Patti Smith : Horses

Depuis le bouillonnement créatif des années 60, le rock semble sans limite.
Les accords binaires autrefois prôné par Chuck Berry et autres Little Richard ne lui suffisent plus et, pour survivre, les groupes doivent innover.

Sous l’influence de king crimson , le rock c’est rapproché des musique plus écrites , comme le jazz ou la musique classique.
Dans le même temps, Dylan à électrifié sa musique, et ses parole plus mures changent la perception des textes de chansons rock.
A partir de la, le rock va attirer une multitude d’artistes, qui voit dans ce genre ultra populaire un moyen de ce faire connaitre.
Parmi ces œuvres, on retiendra particulièrement les pochettes de Roger Dean et Andy Warhol, ainsi que les films d’un Scorcese qui n’a jamais caché l’importance de cette musique dans son œuvre.

Venue de New York, Patti Smith est un autre exemple de ce rapprochement entre les artistes et les rockers.
Pour payer son loyer dans un petit hotel , ou cohabite morphinomanes et alcooliques , celle-ci vend les portrait qu’elle peint.

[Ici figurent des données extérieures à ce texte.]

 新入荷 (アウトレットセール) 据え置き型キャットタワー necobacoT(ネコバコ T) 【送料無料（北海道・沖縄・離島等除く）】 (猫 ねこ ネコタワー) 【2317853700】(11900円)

En parallèle, celle qui voue une véritable admiration à Rimbaud écrit des poèmes, et ce produit dans une église, ou elle lit ses écrits soutenue par un simple batteur.
1970 la voie entrer de plein pied dans la culture rock grâce au magazine cream , ou elle écrit des chroniques d’albums.
Ce job lui permet surtout de créer ses premiers liens avec la scène rock, qui la voie côtoyer Jimi Hendrix , Janis Joplin , et surtout le blue oyster cult, pour lequel elle écrit les paroles de quelques titres (carrer of evil , babie ice dog et fire of unknow origin).

Quelques semaine plus tard , la poétesse est rejoint par ce qui devient le rapidement le Patti Smith group, avant d’être repéré par John Cale , l’ex bassiste du velvet underground.
Horses sort en 1975 , et s’inscrit , avec les premières œuvre des stooges et des new york dolls , comme un des plus brillant précurseur du punk.

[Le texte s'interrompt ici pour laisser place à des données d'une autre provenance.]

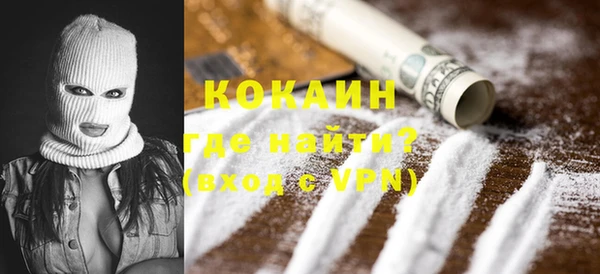 mix Лихославль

De son éducation chrétienne, la jeune Patti n’a gardé que quelques ambiances mystiques qui introduisent Gloria sur ces quelques lignes devenues cultes : « Jesus die for somebody’s sins but not mine ».
Le groupe dynamite ensuite ce morceau des them à grand coup de guitares proto punk, ou brille l’influence de groupes hard/blues comme les yardbirds.
De son coté, Patti Smith chante avec une hargne qui n’a rien à envier à Iggy Pop ou aux futures vociférations de Johnny Rotten.

Cette fougue permettra d’ailleurs au groupe de ce produire au CGBG, un haut lieux de la culture underground qui verra défiler les stooges , les ramones , Lou Reed et autres icones de la culture underground américaine.

Bien reçu par la critique à sa sortie, « horses » permet à Patti Smith rejoindre Dylan et Morrison dans le cercle fermé des poètes du rock, tout en annonçant la vague punk à venir.